*Task prompt*: Without any pictures, print the lines below from the one that has "مكتب اشغال خنفر" through the one that has "Used 2017 Chevrolet", exactly and nothing else.

*Data listing*:

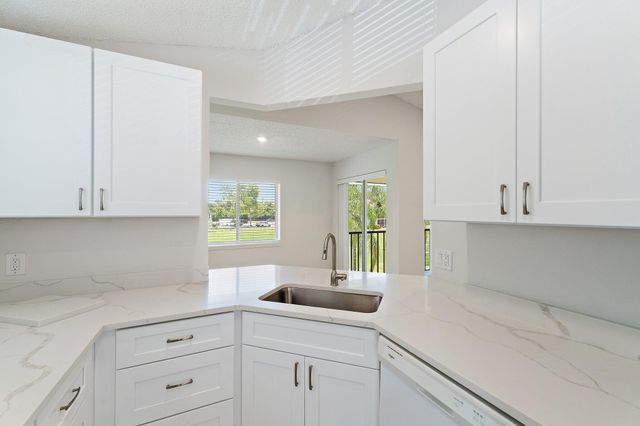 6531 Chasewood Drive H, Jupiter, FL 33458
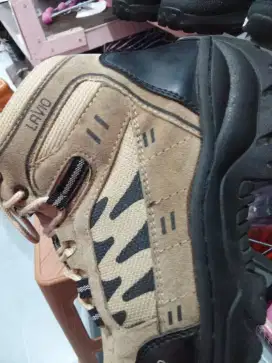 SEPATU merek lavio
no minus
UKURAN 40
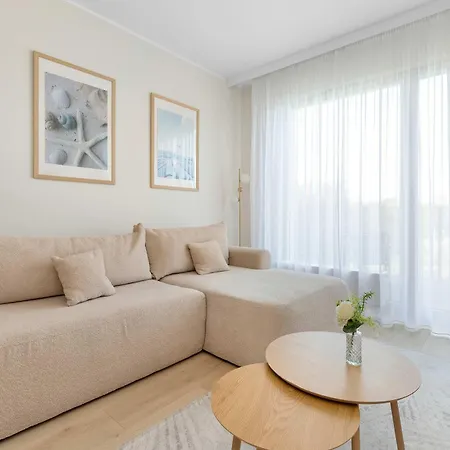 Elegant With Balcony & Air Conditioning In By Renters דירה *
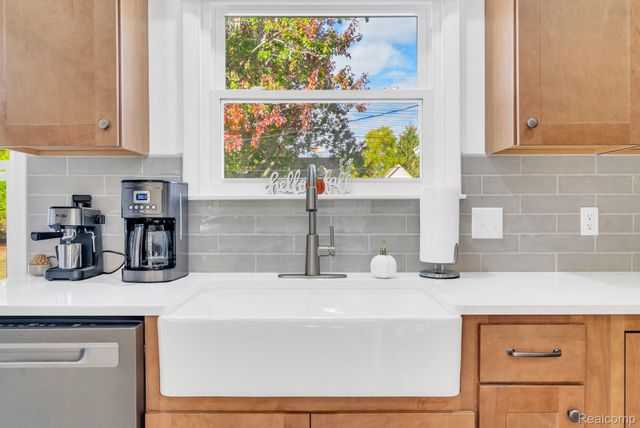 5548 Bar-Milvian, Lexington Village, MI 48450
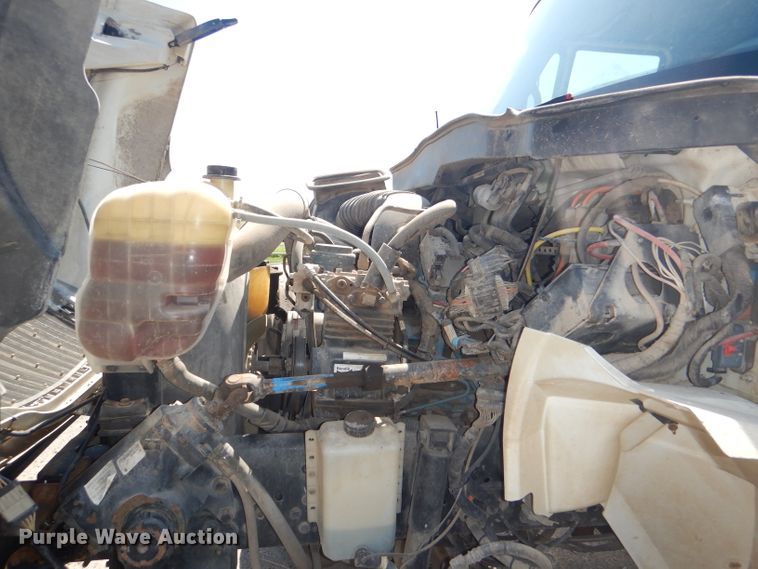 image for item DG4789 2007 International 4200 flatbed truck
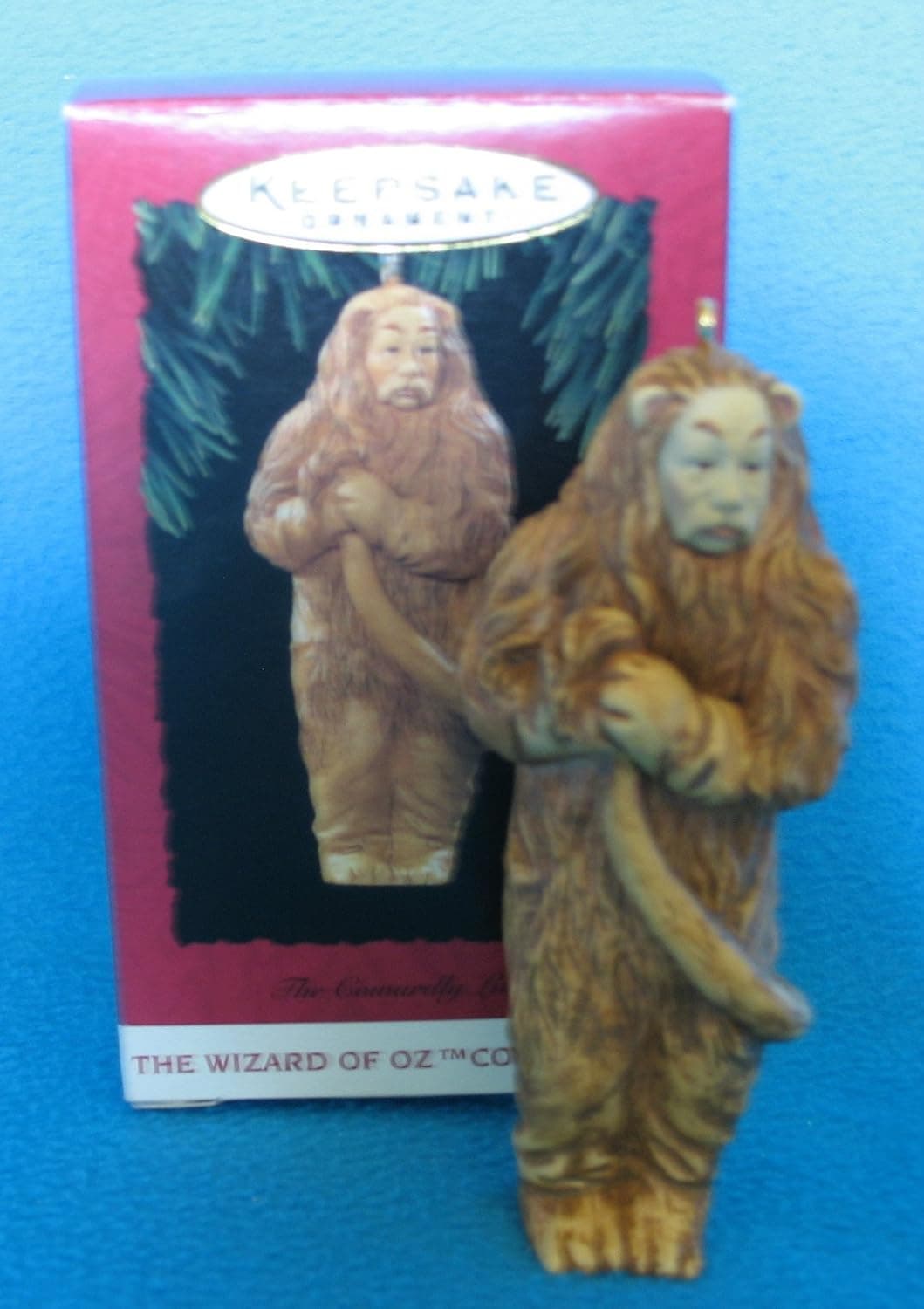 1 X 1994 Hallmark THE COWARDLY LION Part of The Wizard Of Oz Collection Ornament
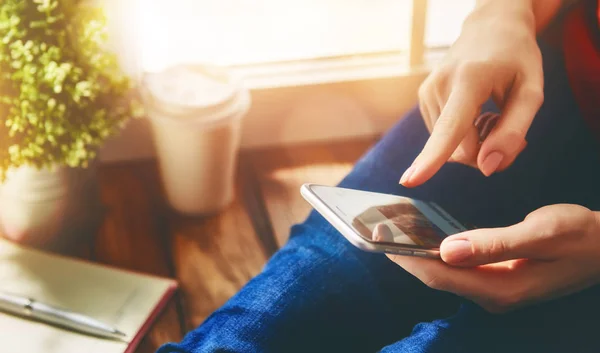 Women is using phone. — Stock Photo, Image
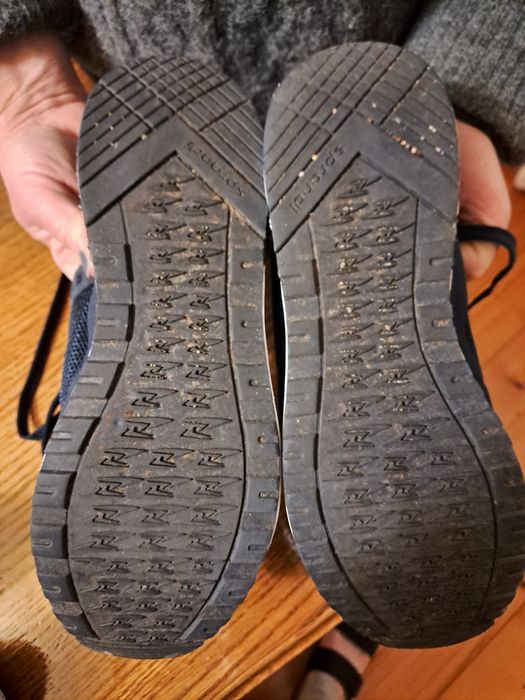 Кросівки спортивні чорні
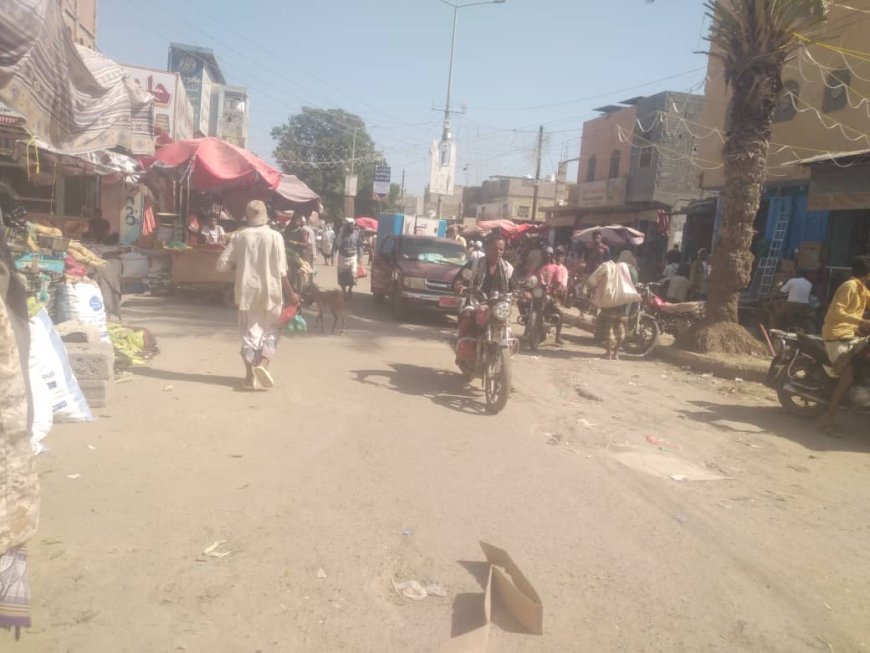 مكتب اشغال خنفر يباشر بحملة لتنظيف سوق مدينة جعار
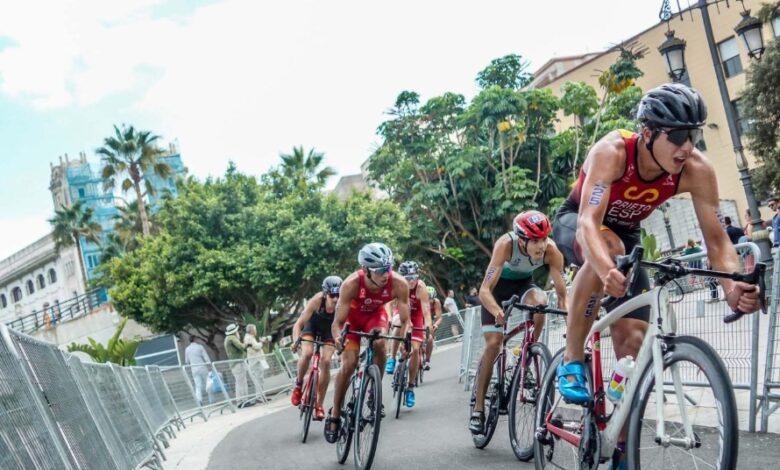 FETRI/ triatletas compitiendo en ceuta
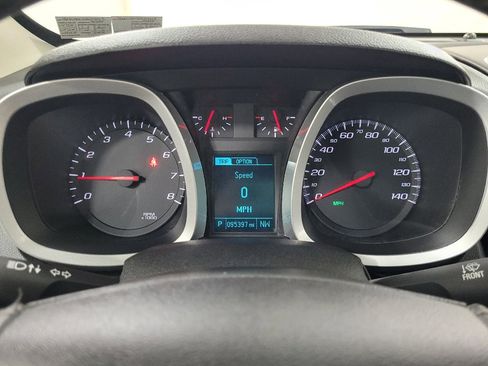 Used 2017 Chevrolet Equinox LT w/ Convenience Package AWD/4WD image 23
==
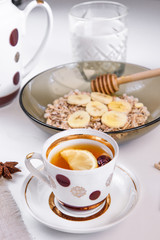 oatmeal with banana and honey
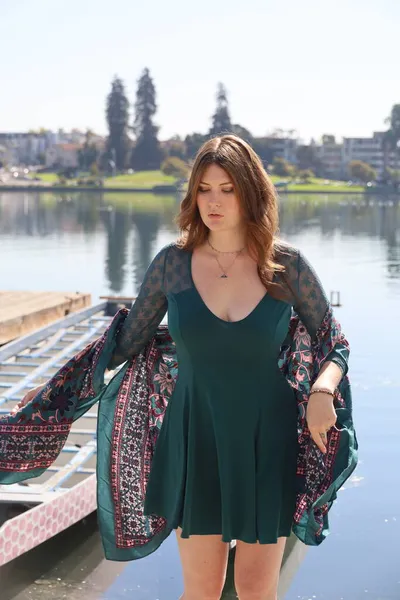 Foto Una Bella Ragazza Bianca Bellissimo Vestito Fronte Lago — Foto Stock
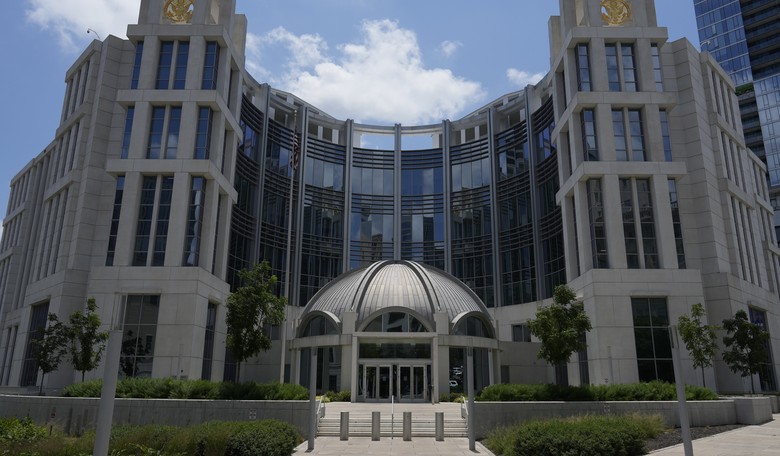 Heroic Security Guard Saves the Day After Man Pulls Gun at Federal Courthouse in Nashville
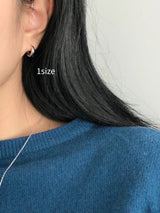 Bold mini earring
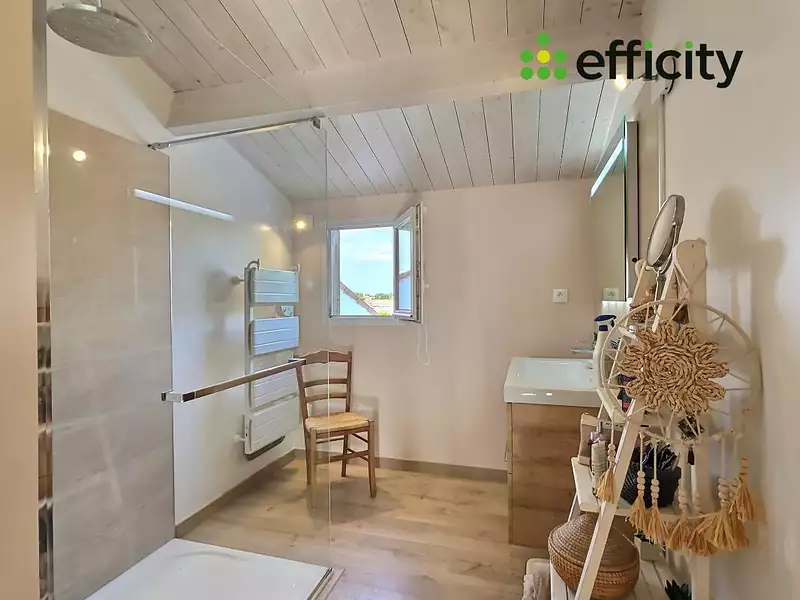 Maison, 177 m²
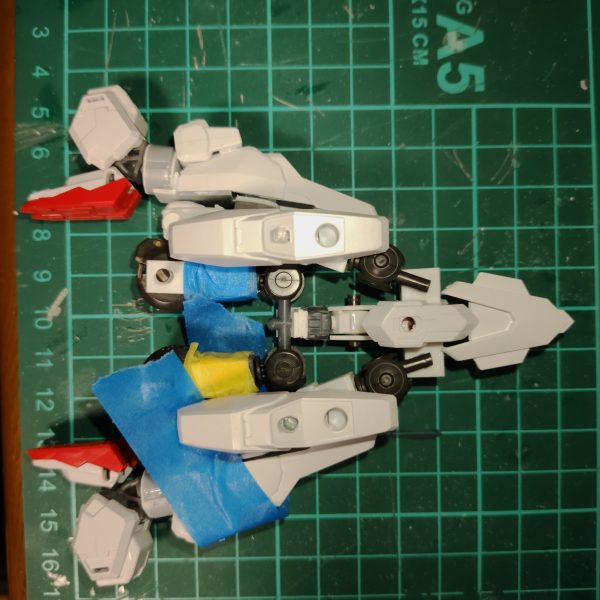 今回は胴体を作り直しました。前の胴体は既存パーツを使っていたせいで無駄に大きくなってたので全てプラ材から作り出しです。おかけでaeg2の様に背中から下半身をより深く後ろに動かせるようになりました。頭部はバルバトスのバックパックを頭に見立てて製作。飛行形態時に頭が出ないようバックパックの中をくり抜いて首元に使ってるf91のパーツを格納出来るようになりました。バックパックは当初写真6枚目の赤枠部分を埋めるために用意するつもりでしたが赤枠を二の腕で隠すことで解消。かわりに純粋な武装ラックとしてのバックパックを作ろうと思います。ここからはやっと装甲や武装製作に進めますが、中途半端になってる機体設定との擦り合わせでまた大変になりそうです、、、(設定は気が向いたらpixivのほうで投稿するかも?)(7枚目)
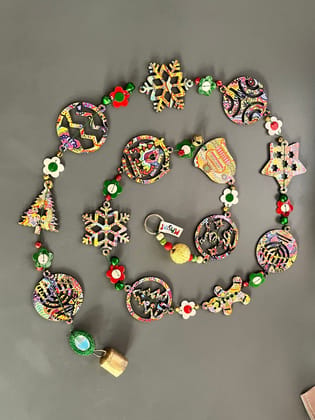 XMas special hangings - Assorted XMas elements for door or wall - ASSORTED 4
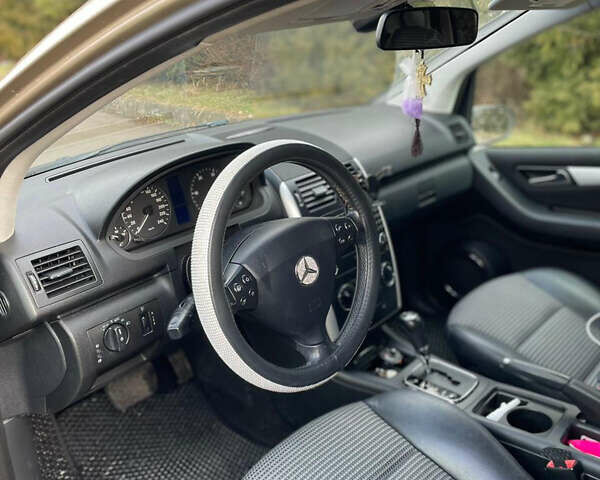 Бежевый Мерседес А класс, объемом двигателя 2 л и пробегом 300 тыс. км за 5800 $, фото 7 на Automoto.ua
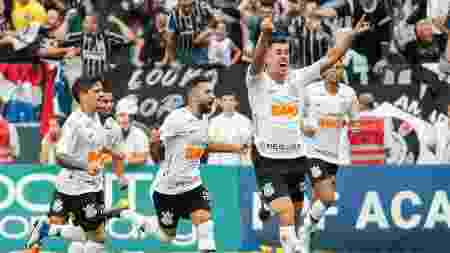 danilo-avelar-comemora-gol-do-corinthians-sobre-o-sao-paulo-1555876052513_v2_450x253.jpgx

*Response box*:
 مكتب اشغال خنفر يباشر بحملة لتنظيف سوق مدينة جعار
 FETRI/ triatletas compitiendo en ceuta
 Used 2017 Chevrolet Equinox LT w/ Convenience Package AWD/4WD image 23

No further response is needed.